Sweden opts out of US model; doesn't want to own Saab
Saab Automobile may be just another crisis-ridden car company in an industry full of them. But just as the fortunes of Flint, Mich., are permanently entangled with General Motors, so it is impossible to find anyone in this city in southwest Sweden who is not somehow connected to Saab.
Which makes it all the more wrenching that the Swedish government has responded to Saab’s desperate financial situation by saying, essentially, tough luck. Or, as the enterprise minister, Maud Olofsson, put it recently, “The Swedish state is not prepared to own car factories.”
Such a view might seem jarring, coming as it does from a country with a reputation for a paternalistic view of workers and companies. The “Swedish model” for dealing with a banking crisis — nationalizing the banks, recapitalizing them and selling them — has been much debated lately in the United States, with free-market defenders warning of a slippery slope of Nordic socialism.

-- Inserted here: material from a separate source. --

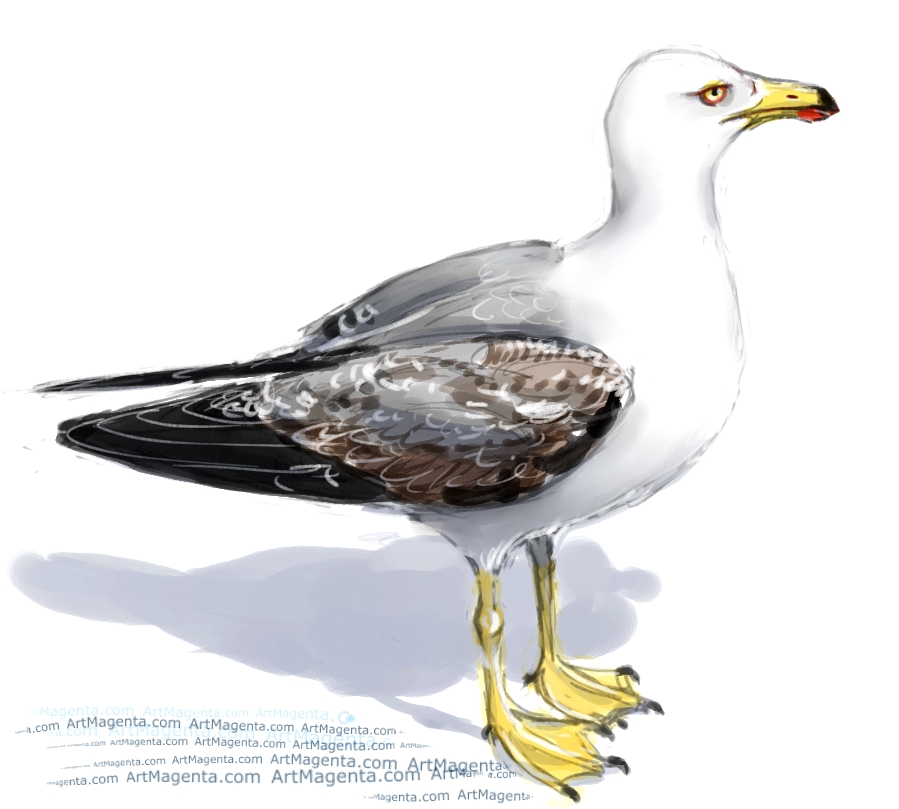Gull Drawing Image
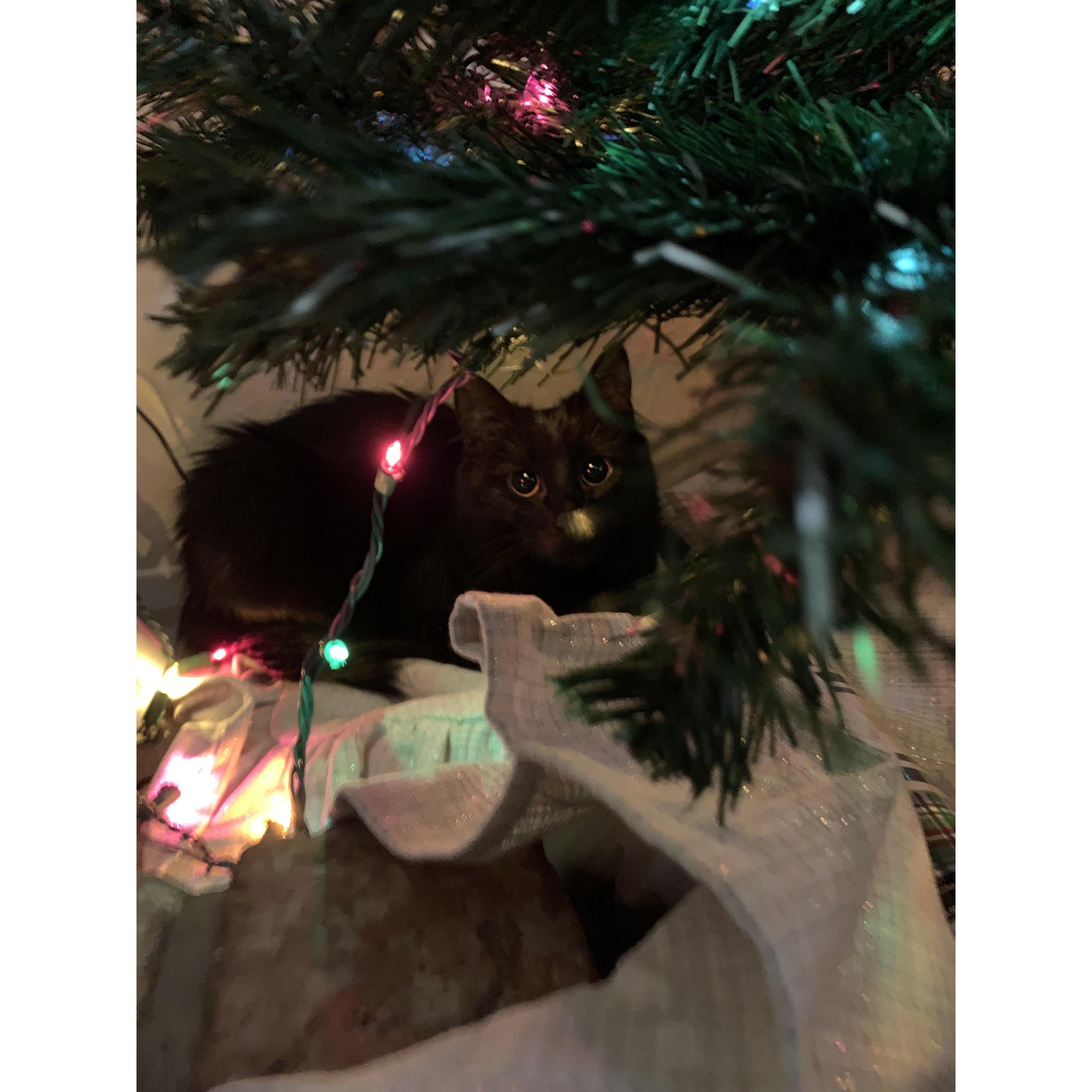 Lynx's first Christmas tree.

But Sweden has a right-leaning government, elected in 2006 after a long period of Social Democratic rule, that prefers market forces to state intervention and ownership. That fact has made the workers of Trollhattan wish the old socialist model were more in evidence.
“I don’t think the government knows the situation in this town, how many people depend on Saab,” said Therese Doeij, 25, a clerk at a photo shop who has several friends who work at the company. “To them it’s just a factory. They don’t see the people behind it.”
Look, we're not heartless here. We feel bad for anyone in any industry or job facing tough times, but that doesn't mean the government should swoop in on some magic unicorn and save the day. The Swedish government is doing the right thing here. We have said it repeatedly, and frankly we're getting sick of it because we feel like no one is listening to us. The easiest way for these companies to get by in tough economic times, especially if they're in dire straits, is to declare Chapter 11, and reorganize.
Basically, you let the free market adjust. This was the problem from the start with the bailouts here, and those conducted abroad. No one wanted to be patient and let the market adjust itself. These idiot government types think that they can help speed along the recession, and everything will be all tea and crumpets shortly, and none of them understand that government intervention isn't the route to take. It should never be the route to take. If bad management is what got these companies into trouble, it's not the government's job to step in and reward such behavior with bailouts. Especially when the bailouts are further driving the government into the deepest debt it's ever seen.
Kudos to the Swedes for taking this approach. I just wish they were running the show here instead of Barry and his three ring circus.